◆ To do:
Transcribe word for word the section of the records below that opens with the line containing "Tessie 70 black sling pumps" and closes with the line containing "3-dijelni set sofa"; drop every picture.

◆ The records:
------------------------------
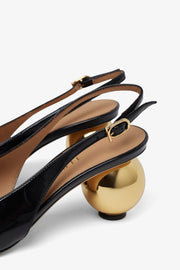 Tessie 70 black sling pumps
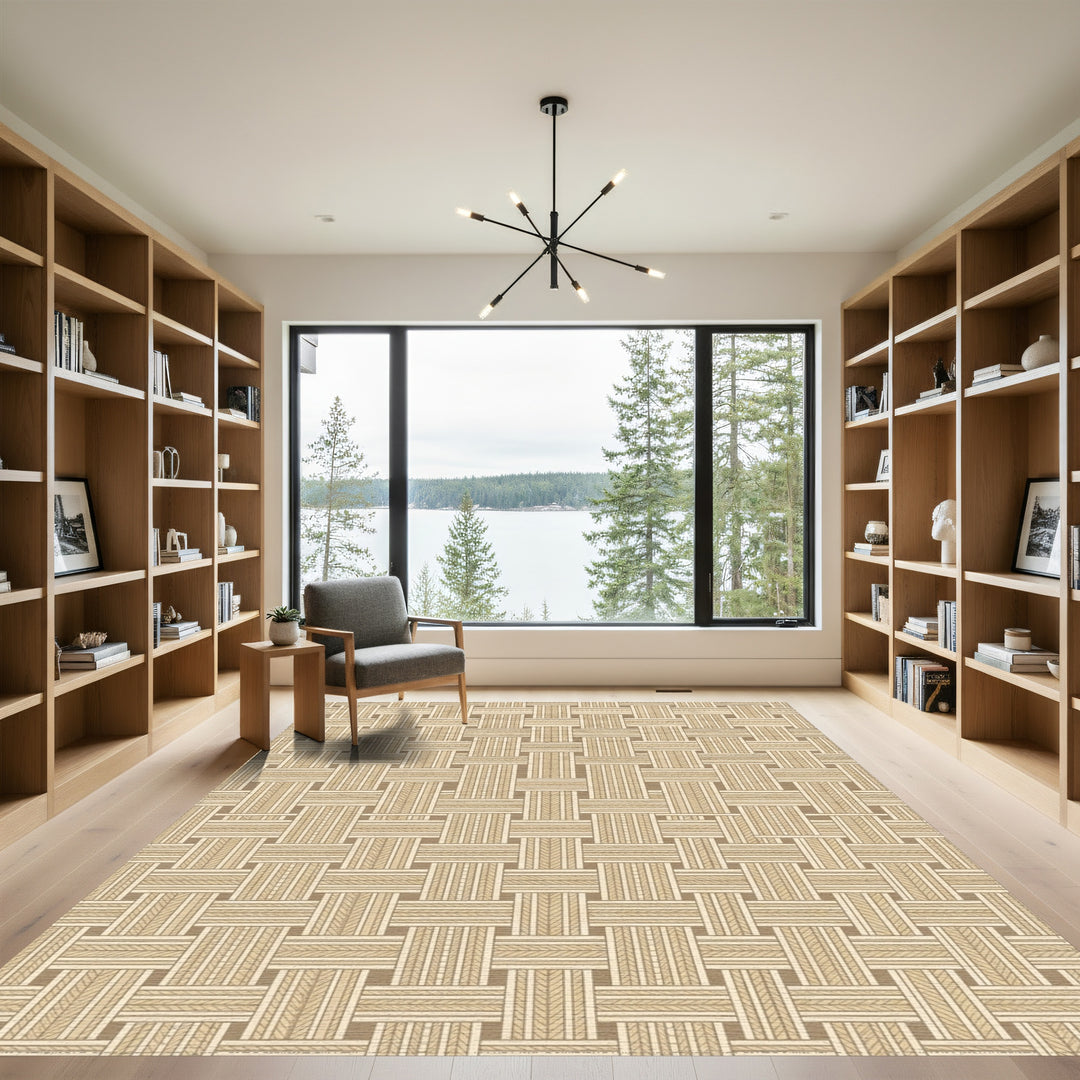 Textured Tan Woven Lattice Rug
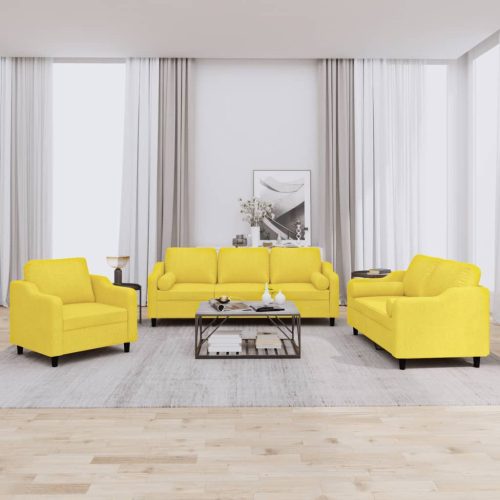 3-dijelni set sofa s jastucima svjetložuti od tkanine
------------------------------
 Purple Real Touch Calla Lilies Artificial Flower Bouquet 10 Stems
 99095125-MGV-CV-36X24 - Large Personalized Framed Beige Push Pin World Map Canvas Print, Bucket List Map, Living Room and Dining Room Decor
------------------------------
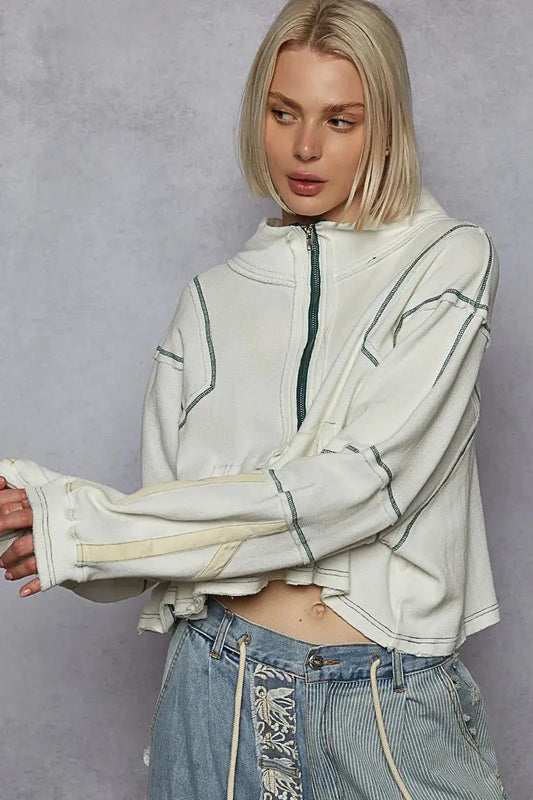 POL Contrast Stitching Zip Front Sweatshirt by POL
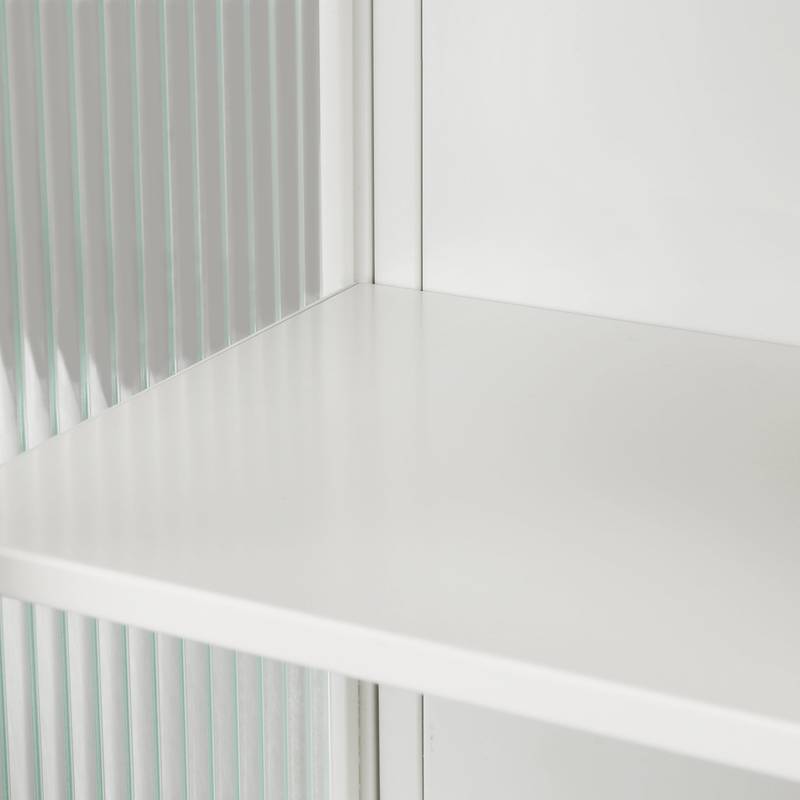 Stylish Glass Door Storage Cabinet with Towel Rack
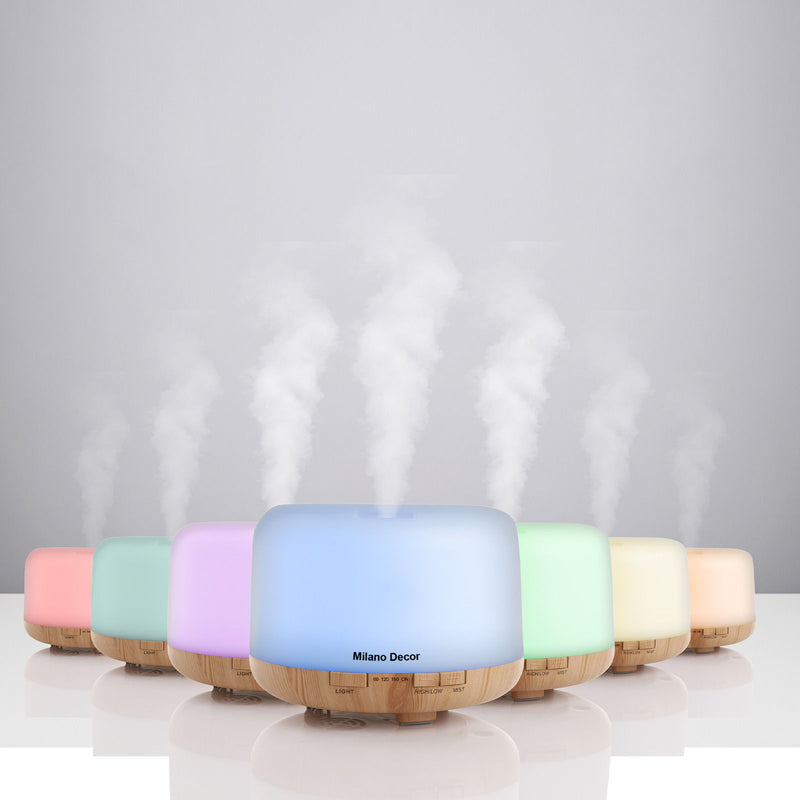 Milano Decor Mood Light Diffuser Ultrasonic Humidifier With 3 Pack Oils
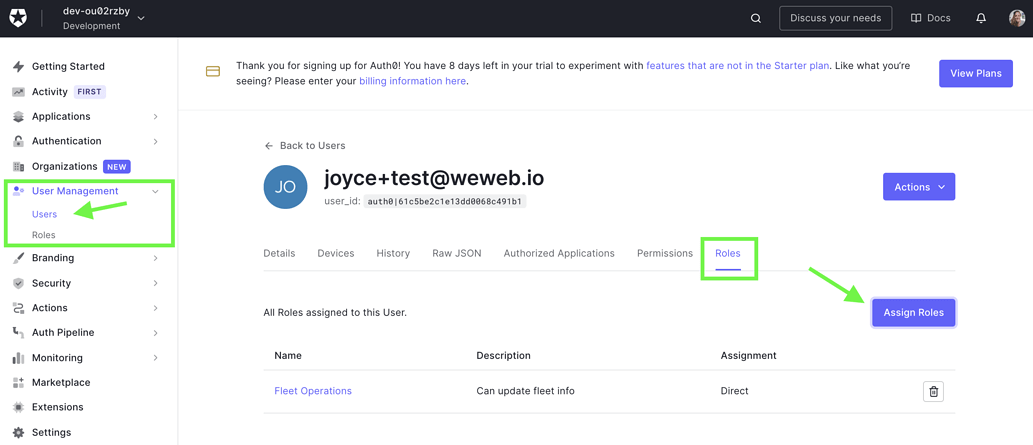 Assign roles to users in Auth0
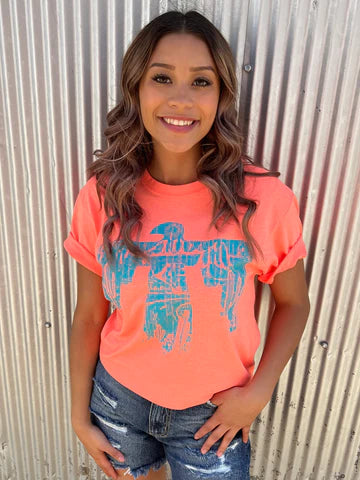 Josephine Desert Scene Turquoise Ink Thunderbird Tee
------------------------------
◆ Expected answer:
 Tessie 70 black sling pumps
 Textured Tan Woven Lattice Rug
 3-dijelni set sofa s jastucima svjetložuti od tkanine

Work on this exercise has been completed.